À primeira vista, essas limitações romanas parecem paradoxais: a fé não professa que Deus mesmo age "sobrenaturalmente" nos sacramentos? E no principal deles, a Eucaristia, transformando o pão e o vinho no corpo e sangue de Cristo? Certamente, mas a fé não é irracional nem contrária à verdade. Por isso, a Igreja estabelece critérios que servem para julgar os fenômenos místicos.
Em maio de 2024, o Dicastério para a Doutrina da Fé (DDF) do Vaticano divulgou as "Normas para proceder no discernimento de presumidos fenômenos sobrenaturais", que trazem várias novidades, entre elas a de não se pronunciar formalmente sobre a "sobrenaturalidade" (ou veracidade) dos fenômenos.
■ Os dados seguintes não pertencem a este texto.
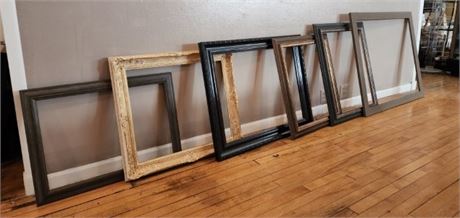 Assorted Size Picture Frames...6pc 41x34 to 28x31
Debates intermináveis, bispos superados pela piedade popular antes de tomar uma decisão… e, principalmente, o risco de "encaixotar" o Espírito Santo em categorias. O Vaticano prefere níveis, seis categorias de fenômenos, do "nada se opõe" à "declaração de não-sobrenaturalidade".
Prudência da Igreja
Assim, a Igreja escolhe a demonstração pelo contrário, sendo definitiva apenas quanto à falsidade dos fenômenos, "quando se verificam sinais objetivos e claramente indicativos de manipulação à base do fenômeno, como por exemplo quando um presumido vidente declara ter mentido, ou quando as provas indicam que o sangue de um crucifixo pertence ao presumido vidente etc.".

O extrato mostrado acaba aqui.